6. Proposed Method and Future Work
Designing a heterogenous quantum neuromorphic computing system can further enhance performance and reduce energy consumption in artificial neurons. Quantum computing processes information based on principles of quantum mechanics, allowing for simultaneous parallel computations of different possibilities. Information is represented using quantum bits, also known as qubits, which uses the principle of superposition, existing in multiple states (0 and 1). Use of quantum computing and materials can leverage the excellent pattern recognition capabilities of neuromorphic computing while reducing its overall power consumption. However, implementing quantum neural networks directly in hardware poses a challenge due to the need for precise control over connection strengths. Quantum coherence is susceptible to dissipation and dephasing, making hardware implementation complex. In addition, large spatial variation in heating and temperature can occur in this heterogenous system. Further research is required regarding these limitations to enable the system to successfully operate [
22,
23].
In our previous work [
24], we set out an architecture to achieve efficient processing of neural networks through neuromorphic processing. The NeuroTower is effectively a 2D, mesh connected network-on-chip integrated with stacks of DRAM integrated on top for 3D stacked memory. This architecture employs programmable neurosequence generators, which act as a medium of communication in the system to aid with the retrieval of data between the DRAM stacks and processing elements. Our research introduces a pruning component to exploit sparsity and reduce network-on-chip traffic, a significant source of power consumption in many hardware accelerators. The pruning unit prevents ineffectual operations from being executed and leaves only the effectual data required for processing.

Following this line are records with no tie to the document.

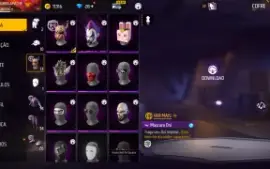 Conta de Free Fire com o primeiro passe e algumas roupas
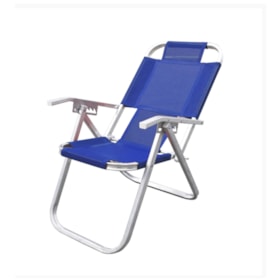 Cadeira de Praia Reclinável Extra Alta Ipanema Azul Royal CAD0666 Botafogo
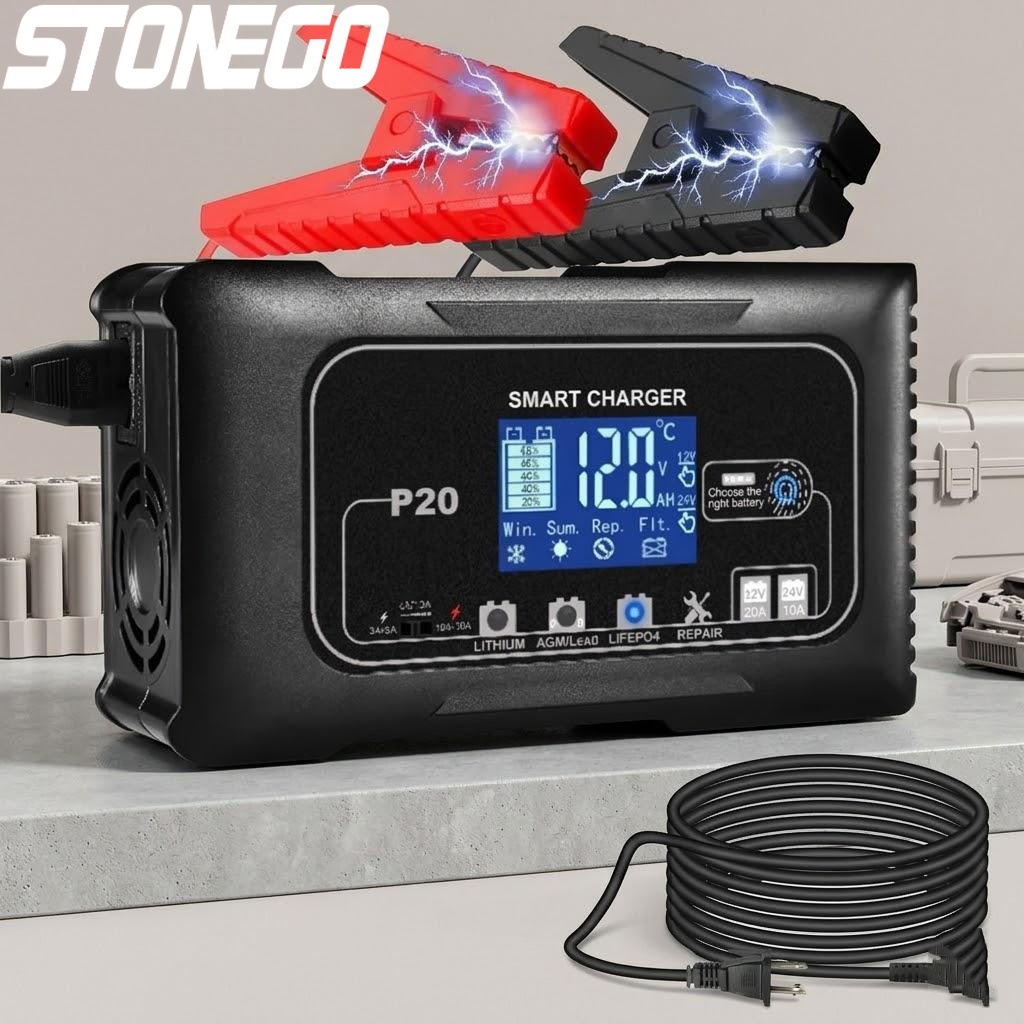 شاحن بطارية ذكي 12 فولت 24 فول - مراجعة Lead Acid Battery Pulse Repair Desulfator وسعره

In NeuroTower, the memory is integrated as a stack of multiple DRAM chips each separated into 16 partitions. Along one column of partitions is a vault as shown in
Figure 8 below. Each of these vaults has an associated vault controller which controls data movement in and out of the vaults to other elements of the NeuroTower. Each vault is connected to one processing element to allow for parallel processing and these connections are realized by using high speed through silicon vias (TSVs) [
25]. The DRAM stack is crucial to the operation of the system as all the information for processing is contained here. Every layer of the neural network, their states, and connectivity weights are stored in the vaults of the DRAM. This implies that the data movement paths are known before beginning processing. To make use of this, the paths are compiled into finite state machine descriptions which drive the programmable neurosequence generators (PNG) [
6]. To initiate processing the host must load these state machine descriptions into the PNG which begins the data-driven processing of each layer of the neural network.